The following table summarizes our unique customer contacts and revenue per customer contact:
Year Ended December 31,
2025 2024 2023
Revenue (in thousands) $ 533,127 $ 500,890 $ 503,877
Customer contacts 48,415 51,552 53,464
Revenue per customer contact1
$ 11,012 $ 9,716 $ 9,425
1 Revenue per customer contact is calculated using the revenue recognized during the respective period divided by the actual number of customer contacts served during the same period.

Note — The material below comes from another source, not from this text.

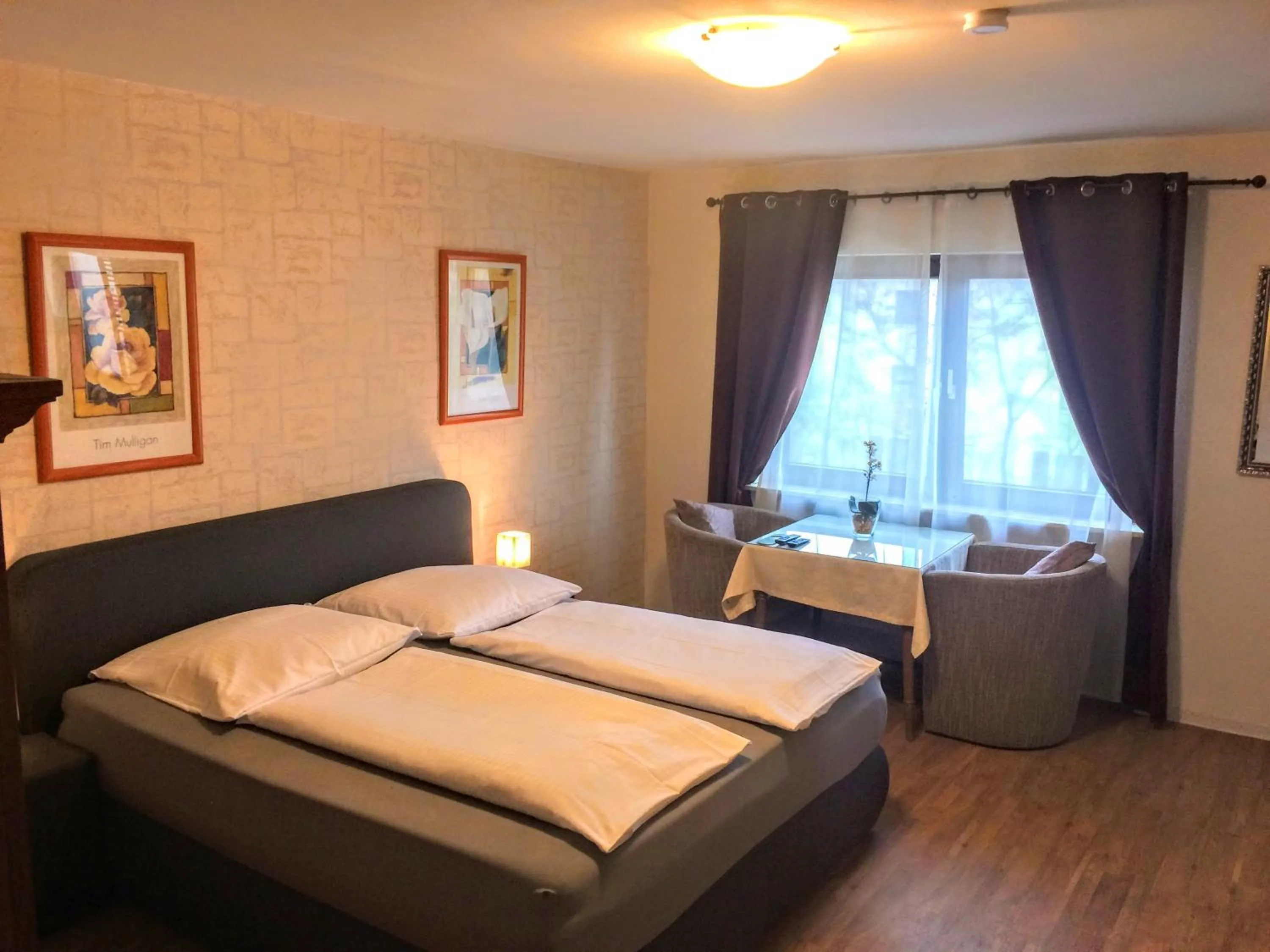 Bed in Hotel zum Schnackel in Mainz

Customer contacts are product developers, engineers, procurement and supply chain professionals and other individuals who place an order, and that order is shipped and invoiced during the period. The Company believes revenue per customer contact is useful to investors in evaluating the underlying business trends and ongoing operating performance of the Company.

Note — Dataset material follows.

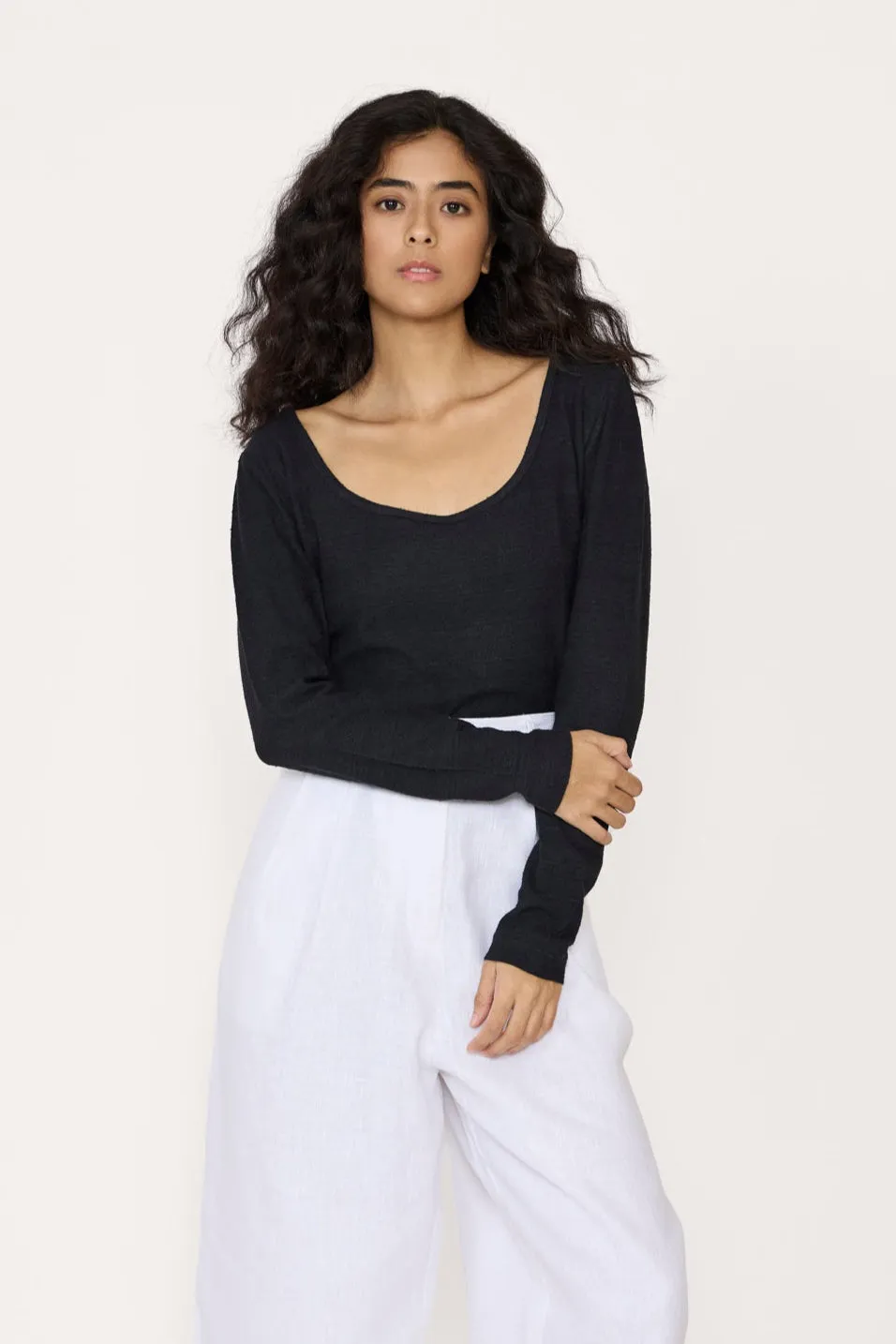 Scoop Long Sleeve - Black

During 2025, we served 48,415 unique customer contacts who purchased our products through our web-based customer interface, a decrease of 6.1% over the same period in 2024. Our customer contacts served decreased while our revenue increased. This was primarily due to our mix of customers served in 2025 as compared to 2024 and our strategic focus to earn larger orders from our customers as we strive to be their supplier of choice by serving their custom parts needs through the comprehensive offer of our factory and the Protolabs Network. Our revenue per customer contact grew 13.3% as compared to 2024.
During 2024, we served 51,552 unique customer contacts who purchased our products through our web-based customer interface, a decrease of 3.6% over the same period in 2023.
Cost of Revenue, Gross Profit and Gross Margin
Cost of revenue consists primarily of raw materials, equipment depreciation, employee compensation including benefits and stock-based compensation, facilities costs and overhead allocations associated with the manufacturing process for molds and custom parts. We expect our personnel-related costs to increase in order to retain and attract top talent and remain competitive in the market. Overall, we expect cost of revenue to increase in absolute dollars.
Our quick-turn factory business model requires that we invest in our capacity well in advance of demand to ensure we can fulfill the expectations for quick delivery of products manufactured in house to our customers. Therefore, over the last several years, we have made significant investments in additional factory space, equipment and infrastructure across our geographic segments. We expect to continue to grow in future periods, which will result in the need for additional investments in factory space and equipment. We expect that these additional costs for factory and equipment expansion can be absorbed by revenue growth, and allow gross margins by product line to remain relatively consistent over time. Our addition of Hubs in 2021 provides a complementary opportunity to add revenue growth through the use of premium manufacturing partners, without the significant investments required by our internal manufacturing business model.
We define gross profit as our revenue less our cost of revenue, and we define gross margin as gross profit expressed as a percentage of revenue. Our gross profit and gross margin are affected by many factors, including our mix of revenue by product line, pricing, sales volume, manufacturing costs, the costs associated with increasing production capacity, the mix between domestic and foreign revenue sources, the mix between revenue produced in our internal manufacturing operations and outsourced to our external manufacturing partners, and foreign exchange rates.
Operating Expenses
Operating expenses consist of marketing and sales, research and development, general and administrative expenses, restructuring and transformation costs and costs related to disposal and exit activities. Personnel-related costs are the most significant component in each of these categories.
Our business strategy is to serve customers across the entire lifecycle of a part-from prototype through production. In order to achieve our goals, we anticipate continued substantial investments in technology and personnel, resulting in increased operating expenses in the future.
Marketing and sales.Marketing and sales expense consists primarily of employee compensation, benefits, commissions, stock-based compensation, marketing programs such as electronic, print and pay-per-click advertising, trade shows and other related overhead. We expect sales and marketing expense to increase in the future as we increase the number of marketing and sales professionals and marketing programs targeted to increase our customer base and grow revenue.
Research and development.Research and development expense consists primarily of personnel and outside service costs related to the development of new processes and product lines, enhancement of existing product lines, software developed for internal use, maintenance of internally developed software, quality assurance and testing. Costs for internal use software are evaluated by project and capitalized where appropriate under Accounting Standards Codification (ASC) 350-40, Intangibles - Goodwill and Other, Internal-Use Software. We expect research and development expense to increase in the future as we seek to enhance our e-commerce interface technology, internal software and supporting business systems, and continue to expand our product lines.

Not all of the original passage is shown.